(Provided records begins)

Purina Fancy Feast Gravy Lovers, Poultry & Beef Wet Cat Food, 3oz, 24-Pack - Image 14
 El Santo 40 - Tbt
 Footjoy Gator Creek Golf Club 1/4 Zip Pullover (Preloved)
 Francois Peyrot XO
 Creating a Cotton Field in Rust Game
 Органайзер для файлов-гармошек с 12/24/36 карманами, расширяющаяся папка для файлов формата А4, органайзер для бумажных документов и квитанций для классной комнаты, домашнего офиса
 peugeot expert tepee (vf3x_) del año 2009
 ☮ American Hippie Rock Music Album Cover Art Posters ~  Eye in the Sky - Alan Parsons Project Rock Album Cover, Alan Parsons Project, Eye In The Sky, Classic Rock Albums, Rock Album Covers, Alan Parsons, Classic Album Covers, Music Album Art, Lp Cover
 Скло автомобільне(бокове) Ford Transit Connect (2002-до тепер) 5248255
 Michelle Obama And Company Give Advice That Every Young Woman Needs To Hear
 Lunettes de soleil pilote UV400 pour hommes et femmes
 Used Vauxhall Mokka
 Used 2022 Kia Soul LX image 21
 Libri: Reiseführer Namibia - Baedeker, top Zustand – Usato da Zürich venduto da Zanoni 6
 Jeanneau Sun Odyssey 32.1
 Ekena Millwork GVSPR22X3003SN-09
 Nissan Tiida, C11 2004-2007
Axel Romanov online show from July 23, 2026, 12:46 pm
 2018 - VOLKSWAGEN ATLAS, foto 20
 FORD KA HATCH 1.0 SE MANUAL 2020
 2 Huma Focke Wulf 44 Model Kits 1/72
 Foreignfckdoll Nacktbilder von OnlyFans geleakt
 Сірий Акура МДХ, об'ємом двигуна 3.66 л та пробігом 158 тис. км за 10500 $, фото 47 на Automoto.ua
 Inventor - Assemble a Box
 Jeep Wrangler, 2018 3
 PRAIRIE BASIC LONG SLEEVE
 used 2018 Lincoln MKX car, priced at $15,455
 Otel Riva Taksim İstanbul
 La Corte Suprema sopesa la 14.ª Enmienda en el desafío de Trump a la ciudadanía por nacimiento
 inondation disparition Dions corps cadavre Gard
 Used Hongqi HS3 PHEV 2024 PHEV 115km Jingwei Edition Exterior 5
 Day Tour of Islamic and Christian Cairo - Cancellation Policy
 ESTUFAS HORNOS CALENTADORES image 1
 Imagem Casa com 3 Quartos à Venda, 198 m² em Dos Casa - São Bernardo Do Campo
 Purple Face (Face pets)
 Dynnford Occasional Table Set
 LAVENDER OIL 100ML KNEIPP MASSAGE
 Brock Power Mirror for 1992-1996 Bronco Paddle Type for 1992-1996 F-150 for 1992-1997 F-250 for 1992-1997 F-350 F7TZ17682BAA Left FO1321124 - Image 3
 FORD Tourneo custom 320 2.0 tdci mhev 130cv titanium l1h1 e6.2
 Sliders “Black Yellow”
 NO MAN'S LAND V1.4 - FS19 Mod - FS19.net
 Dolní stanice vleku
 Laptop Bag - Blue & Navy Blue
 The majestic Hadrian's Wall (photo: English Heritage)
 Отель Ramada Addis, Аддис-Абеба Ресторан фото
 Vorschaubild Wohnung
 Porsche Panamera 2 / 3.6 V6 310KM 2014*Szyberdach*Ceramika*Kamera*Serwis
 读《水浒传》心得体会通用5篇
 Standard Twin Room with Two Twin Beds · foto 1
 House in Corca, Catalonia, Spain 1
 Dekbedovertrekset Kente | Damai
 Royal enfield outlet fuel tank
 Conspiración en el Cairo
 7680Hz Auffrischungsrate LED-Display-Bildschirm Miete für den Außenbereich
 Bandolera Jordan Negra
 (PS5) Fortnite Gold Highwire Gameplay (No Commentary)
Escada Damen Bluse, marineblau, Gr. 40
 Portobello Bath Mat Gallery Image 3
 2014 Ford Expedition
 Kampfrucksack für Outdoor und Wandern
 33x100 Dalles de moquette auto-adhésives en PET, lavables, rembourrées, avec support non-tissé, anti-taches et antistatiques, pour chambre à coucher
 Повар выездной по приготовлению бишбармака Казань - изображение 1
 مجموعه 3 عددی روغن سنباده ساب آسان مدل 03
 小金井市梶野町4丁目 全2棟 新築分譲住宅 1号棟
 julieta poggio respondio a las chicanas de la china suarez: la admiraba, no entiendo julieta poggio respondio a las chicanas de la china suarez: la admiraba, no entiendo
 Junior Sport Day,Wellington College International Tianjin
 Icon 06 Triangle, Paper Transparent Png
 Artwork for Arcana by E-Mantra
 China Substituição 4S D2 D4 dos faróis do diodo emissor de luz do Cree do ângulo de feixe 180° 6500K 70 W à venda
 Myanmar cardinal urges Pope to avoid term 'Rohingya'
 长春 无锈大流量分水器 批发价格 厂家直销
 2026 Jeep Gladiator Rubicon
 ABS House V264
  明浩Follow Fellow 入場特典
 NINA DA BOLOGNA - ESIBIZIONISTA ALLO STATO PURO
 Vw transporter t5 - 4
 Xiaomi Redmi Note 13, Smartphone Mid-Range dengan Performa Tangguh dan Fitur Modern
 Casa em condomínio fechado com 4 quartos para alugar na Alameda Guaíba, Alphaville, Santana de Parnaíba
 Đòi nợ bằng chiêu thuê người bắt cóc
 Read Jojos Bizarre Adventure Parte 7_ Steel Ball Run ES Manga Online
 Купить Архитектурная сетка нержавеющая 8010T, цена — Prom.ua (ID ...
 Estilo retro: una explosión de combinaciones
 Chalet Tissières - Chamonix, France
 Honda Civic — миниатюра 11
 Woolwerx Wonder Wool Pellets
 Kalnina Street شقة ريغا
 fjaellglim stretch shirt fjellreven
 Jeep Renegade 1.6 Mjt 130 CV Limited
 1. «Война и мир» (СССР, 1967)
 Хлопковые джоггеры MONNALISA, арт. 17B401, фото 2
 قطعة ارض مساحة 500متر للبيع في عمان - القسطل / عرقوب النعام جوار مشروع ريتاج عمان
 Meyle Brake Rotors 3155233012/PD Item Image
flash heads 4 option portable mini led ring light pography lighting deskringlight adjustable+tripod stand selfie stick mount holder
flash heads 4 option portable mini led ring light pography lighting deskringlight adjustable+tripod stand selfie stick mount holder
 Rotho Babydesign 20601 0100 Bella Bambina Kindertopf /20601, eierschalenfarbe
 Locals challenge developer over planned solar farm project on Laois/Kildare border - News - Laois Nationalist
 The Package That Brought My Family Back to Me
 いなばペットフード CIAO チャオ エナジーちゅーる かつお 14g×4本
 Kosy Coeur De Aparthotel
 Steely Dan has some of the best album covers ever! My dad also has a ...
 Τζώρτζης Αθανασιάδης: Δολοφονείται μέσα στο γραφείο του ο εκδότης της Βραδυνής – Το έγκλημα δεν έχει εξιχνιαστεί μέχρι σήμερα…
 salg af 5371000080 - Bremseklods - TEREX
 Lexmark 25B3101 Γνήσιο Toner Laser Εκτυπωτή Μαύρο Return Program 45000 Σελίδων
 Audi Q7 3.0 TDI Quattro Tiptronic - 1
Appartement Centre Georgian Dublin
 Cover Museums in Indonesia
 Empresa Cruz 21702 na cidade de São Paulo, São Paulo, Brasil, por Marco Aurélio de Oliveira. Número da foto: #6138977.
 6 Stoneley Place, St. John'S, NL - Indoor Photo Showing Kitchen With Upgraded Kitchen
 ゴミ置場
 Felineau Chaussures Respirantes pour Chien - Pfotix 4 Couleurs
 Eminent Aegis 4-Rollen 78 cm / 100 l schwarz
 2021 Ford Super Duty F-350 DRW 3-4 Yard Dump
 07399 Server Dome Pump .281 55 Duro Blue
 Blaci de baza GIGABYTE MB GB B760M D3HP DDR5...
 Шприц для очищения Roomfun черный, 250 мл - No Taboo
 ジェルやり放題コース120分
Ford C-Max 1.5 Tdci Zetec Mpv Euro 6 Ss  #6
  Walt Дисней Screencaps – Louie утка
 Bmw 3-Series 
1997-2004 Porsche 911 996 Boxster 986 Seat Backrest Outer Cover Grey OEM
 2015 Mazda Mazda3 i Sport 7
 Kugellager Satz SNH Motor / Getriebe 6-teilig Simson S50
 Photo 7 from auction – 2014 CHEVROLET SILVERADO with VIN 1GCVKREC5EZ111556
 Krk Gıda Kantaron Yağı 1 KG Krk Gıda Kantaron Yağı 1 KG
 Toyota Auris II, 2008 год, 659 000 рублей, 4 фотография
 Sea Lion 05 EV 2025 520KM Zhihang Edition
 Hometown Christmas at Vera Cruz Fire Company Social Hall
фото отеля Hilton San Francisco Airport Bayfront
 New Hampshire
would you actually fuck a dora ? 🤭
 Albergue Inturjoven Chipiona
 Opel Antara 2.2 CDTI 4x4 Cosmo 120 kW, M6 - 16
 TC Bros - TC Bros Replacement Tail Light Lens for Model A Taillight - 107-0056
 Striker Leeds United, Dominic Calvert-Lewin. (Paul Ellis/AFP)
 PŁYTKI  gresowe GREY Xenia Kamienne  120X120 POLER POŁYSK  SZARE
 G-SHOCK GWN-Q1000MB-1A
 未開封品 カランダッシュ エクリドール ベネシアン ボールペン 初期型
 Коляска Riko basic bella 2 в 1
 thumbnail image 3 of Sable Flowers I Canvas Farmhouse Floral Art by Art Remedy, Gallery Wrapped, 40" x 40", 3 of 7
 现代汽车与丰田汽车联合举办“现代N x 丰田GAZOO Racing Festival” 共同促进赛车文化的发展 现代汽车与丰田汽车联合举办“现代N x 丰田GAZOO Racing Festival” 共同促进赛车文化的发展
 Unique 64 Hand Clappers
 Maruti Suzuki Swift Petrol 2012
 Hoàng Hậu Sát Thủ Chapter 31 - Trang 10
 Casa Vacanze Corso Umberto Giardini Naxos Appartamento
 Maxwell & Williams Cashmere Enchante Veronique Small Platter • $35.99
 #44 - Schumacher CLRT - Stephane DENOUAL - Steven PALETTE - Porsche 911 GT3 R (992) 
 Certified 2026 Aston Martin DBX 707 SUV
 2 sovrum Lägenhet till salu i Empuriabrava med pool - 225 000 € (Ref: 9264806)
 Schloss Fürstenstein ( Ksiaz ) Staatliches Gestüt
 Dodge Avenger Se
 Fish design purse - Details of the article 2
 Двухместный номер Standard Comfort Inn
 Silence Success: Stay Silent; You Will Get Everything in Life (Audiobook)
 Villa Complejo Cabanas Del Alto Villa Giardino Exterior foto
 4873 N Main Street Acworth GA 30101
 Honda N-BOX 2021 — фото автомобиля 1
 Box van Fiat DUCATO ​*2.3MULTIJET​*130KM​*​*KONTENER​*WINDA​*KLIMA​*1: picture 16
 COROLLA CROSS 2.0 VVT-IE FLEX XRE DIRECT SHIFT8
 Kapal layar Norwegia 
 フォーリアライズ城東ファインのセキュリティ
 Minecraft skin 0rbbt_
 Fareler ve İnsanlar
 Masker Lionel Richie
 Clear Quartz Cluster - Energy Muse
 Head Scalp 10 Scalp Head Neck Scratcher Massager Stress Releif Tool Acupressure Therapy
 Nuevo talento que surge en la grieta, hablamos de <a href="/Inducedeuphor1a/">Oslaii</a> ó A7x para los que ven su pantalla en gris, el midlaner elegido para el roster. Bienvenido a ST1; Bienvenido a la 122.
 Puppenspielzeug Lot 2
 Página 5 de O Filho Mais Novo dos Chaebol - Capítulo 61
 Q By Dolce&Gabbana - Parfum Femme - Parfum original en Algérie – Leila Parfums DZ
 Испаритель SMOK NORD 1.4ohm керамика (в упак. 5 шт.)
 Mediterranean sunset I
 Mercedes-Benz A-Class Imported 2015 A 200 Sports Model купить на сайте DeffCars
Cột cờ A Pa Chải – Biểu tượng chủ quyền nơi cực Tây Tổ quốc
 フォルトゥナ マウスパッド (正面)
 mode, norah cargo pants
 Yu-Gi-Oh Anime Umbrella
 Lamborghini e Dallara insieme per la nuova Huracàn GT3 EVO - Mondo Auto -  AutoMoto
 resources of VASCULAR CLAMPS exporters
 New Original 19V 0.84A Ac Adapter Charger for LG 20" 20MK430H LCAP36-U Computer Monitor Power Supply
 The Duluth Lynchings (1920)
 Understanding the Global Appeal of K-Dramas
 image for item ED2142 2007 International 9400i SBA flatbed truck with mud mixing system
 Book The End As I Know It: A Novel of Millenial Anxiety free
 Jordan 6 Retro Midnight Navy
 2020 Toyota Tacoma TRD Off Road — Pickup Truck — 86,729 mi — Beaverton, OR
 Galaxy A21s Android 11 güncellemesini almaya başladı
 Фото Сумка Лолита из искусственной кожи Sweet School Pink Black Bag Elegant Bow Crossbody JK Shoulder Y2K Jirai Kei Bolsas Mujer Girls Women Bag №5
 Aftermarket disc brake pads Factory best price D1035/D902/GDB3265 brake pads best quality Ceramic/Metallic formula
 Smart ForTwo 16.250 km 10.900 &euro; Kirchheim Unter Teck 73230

(Provided records ends)

Your instructions >>
Wherever the string "International" occurs in the data, copy the line that holds it.

Response for this exercise >>
 Junior Sport Day,Wellington College International Tianjin
 image for item ED2142 2007 International 9400i SBA flatbed truck with mud mixing system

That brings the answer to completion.